Directions for this task: Hand back all records exactly, pictures omitted.

[Start of Attachment]

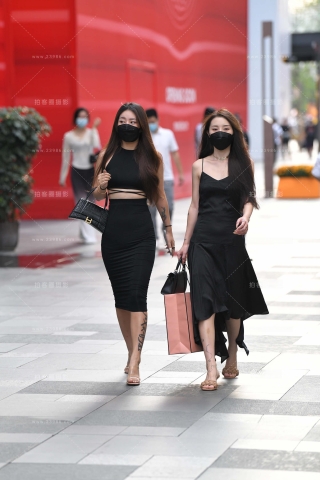 街拍黑色长裙姐妹逛街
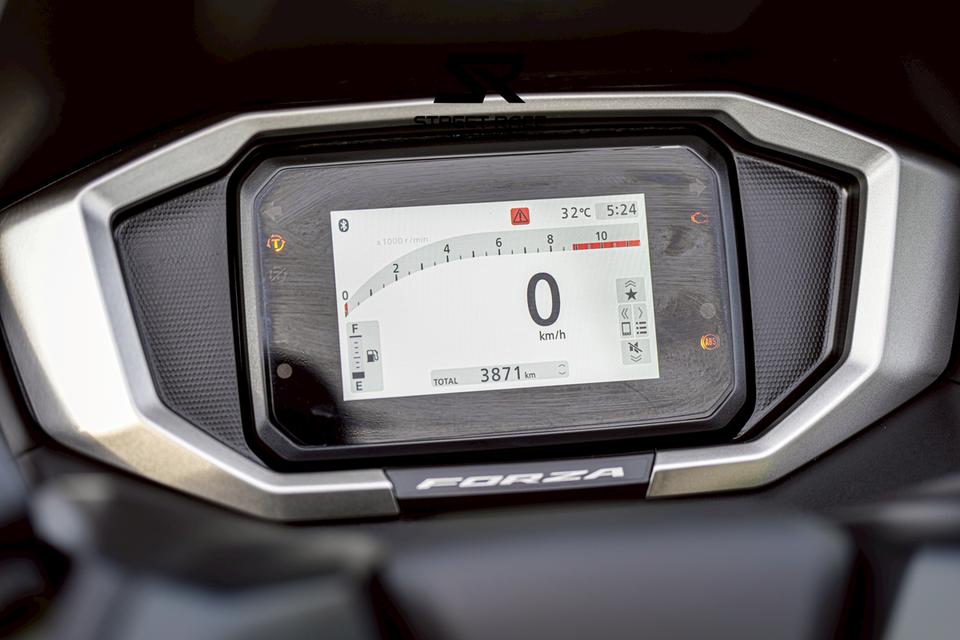 2025 Honda new forza 350 ปี 2025 🔥 🏍️ สีเทา silver + จอ tft รุ่นใหม่ + ล้อเขียว powder coat 6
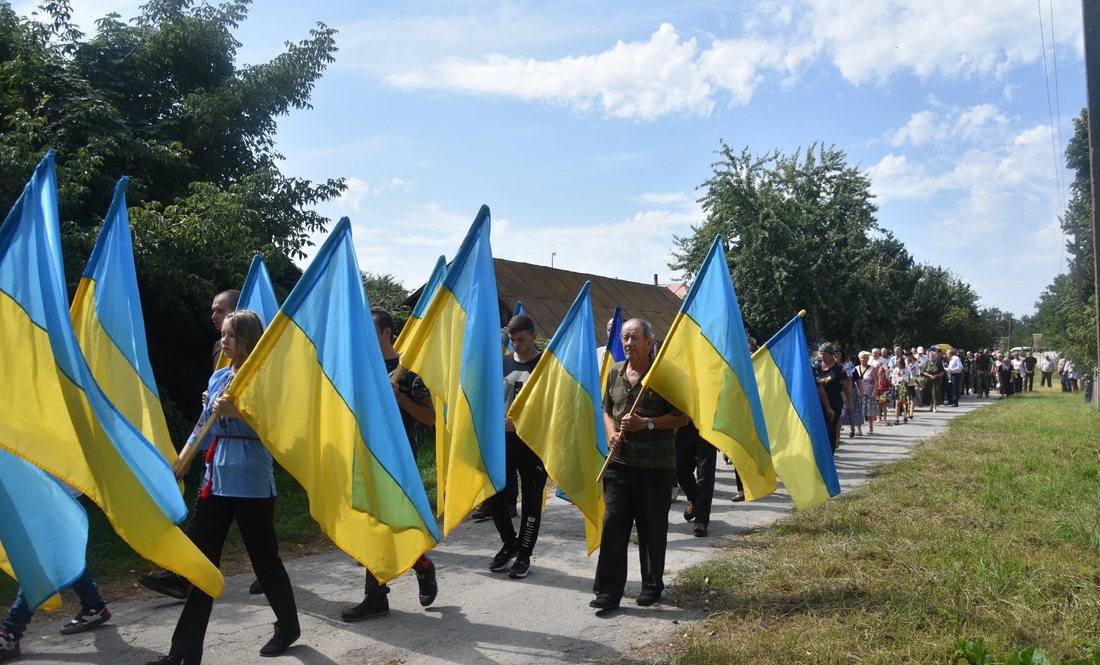 Носівська громада попрощалася з Героєм, який загинув на Харківщині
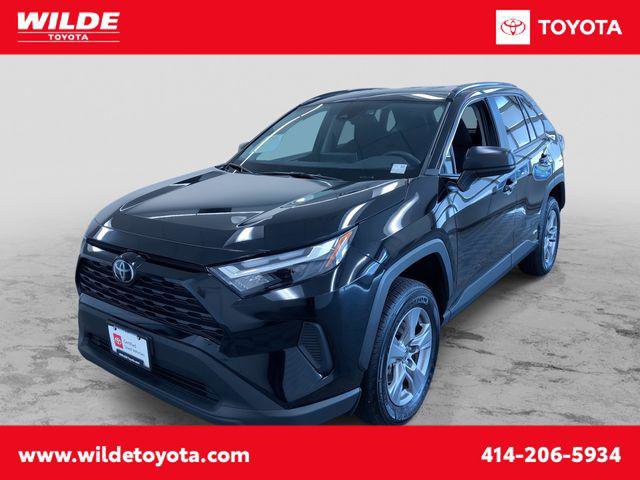 Certified 2025 Toyota RAV4 LE AWD/4WD image 1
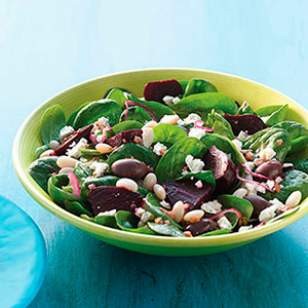 Spinach salad with beets, beans & feta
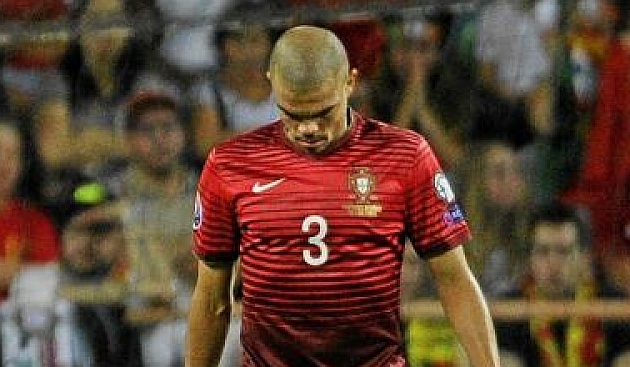 Pepe se lamenta por un gol de Albania / AFP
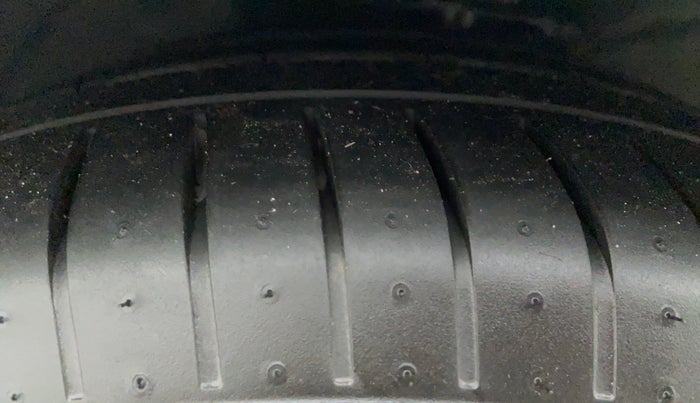 2013 Mercedes Benz E Class E 250 CDI AVANTGARDE, Diesel, Automatic, 1 km, Left Front Tyre Tread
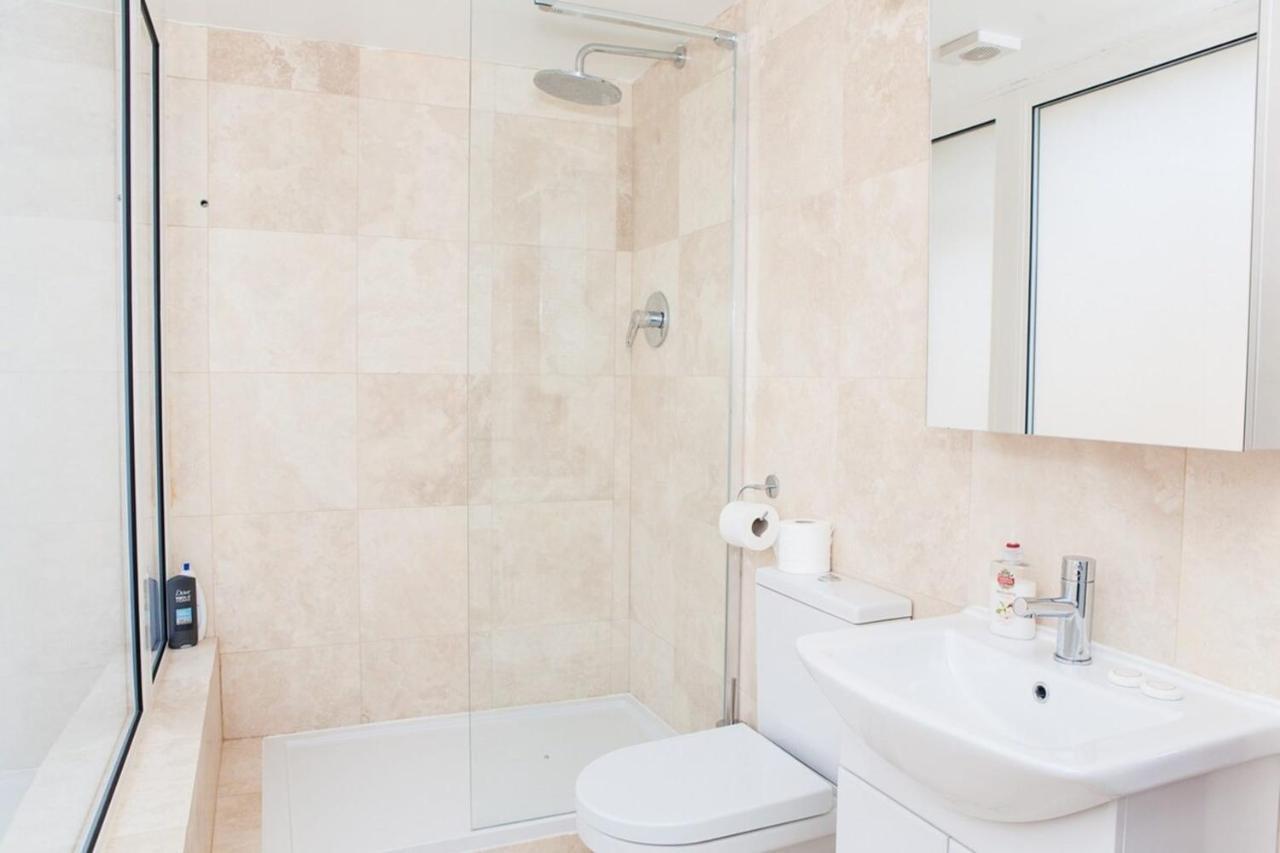 Apartament Spectacular 4-bedroom Close To Eye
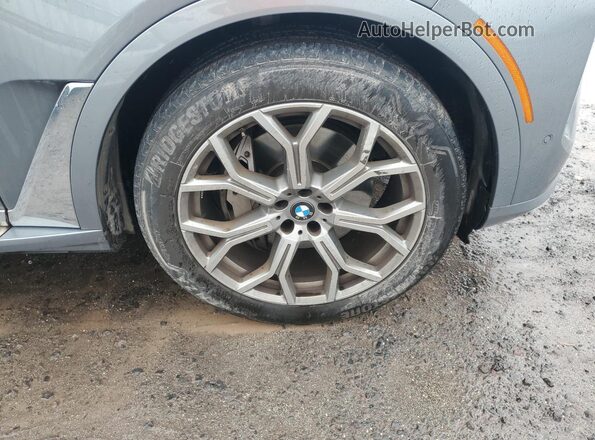 5UX23EM03S9W24587 2025 BMW X7 Gray 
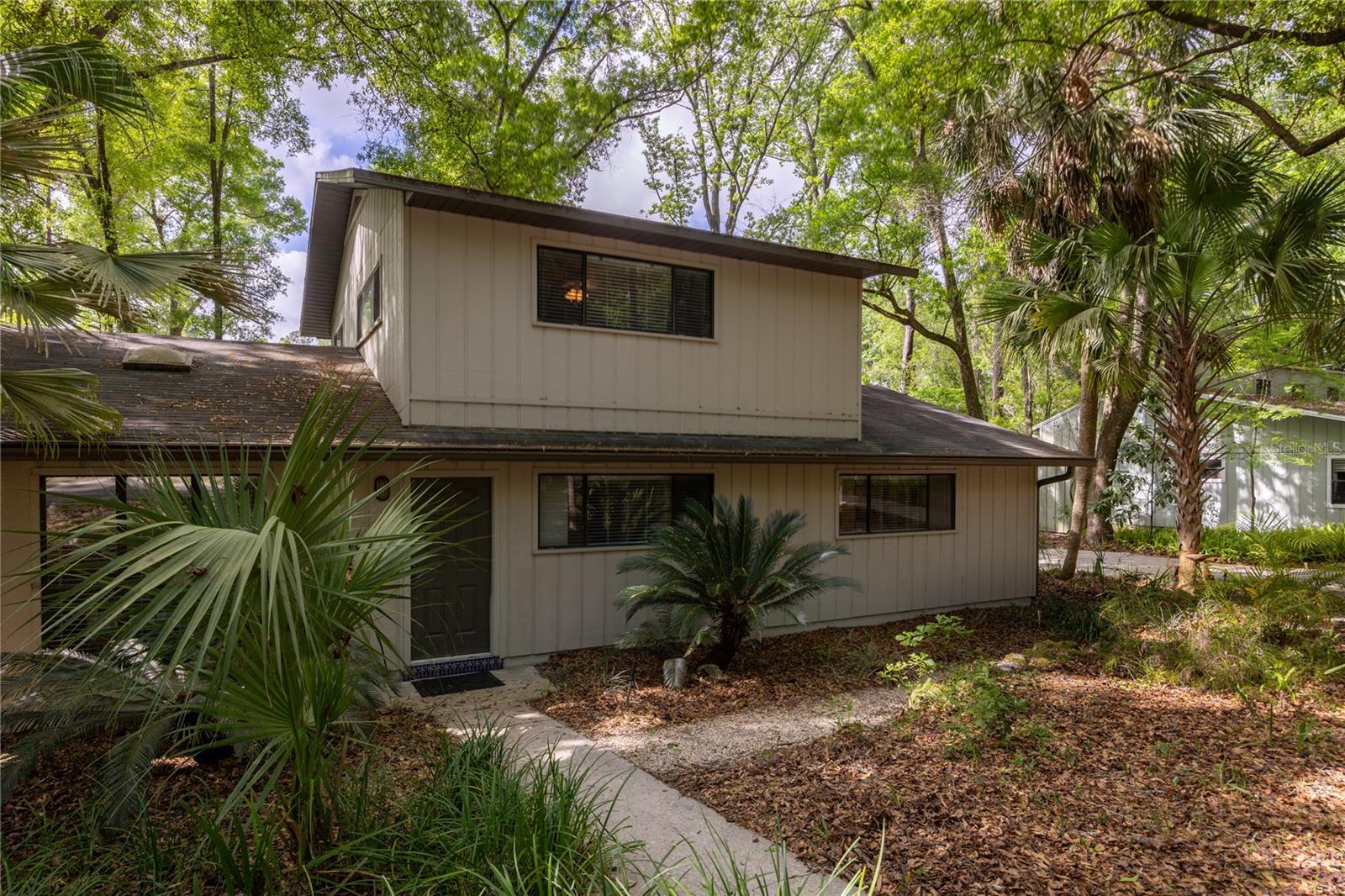 3809 NW 10TH PLACE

[End of Attachment]

Response area:
 街拍黑色长裙姐妹逛街
 2025 Honda new forza 350 ปี 2025 🔥 🏍️ สีเทา silver + จอ tft รุ่นใหม่ + ล้อเขียว powder coat 6
 Носівська громада попрощалася з Героєм, який загинув на Харківщині
 Certified 2025 Toyota RAV4 LE AWD/4WD image 1
 Spinach salad with beets, beans & feta
 Pepe se lamenta por un gol de Albania / AFP
 2013 Mercedes Benz E Class E 250 CDI AVANTGARDE, Diesel, Automatic, 1 km, Left Front Tyre Tread
 Apartament Spectacular 4-bedroom Close To Eye
 5UX23EM03S9W24587 2025 BMW X7 Gray 
 3809 NW 10TH PLACE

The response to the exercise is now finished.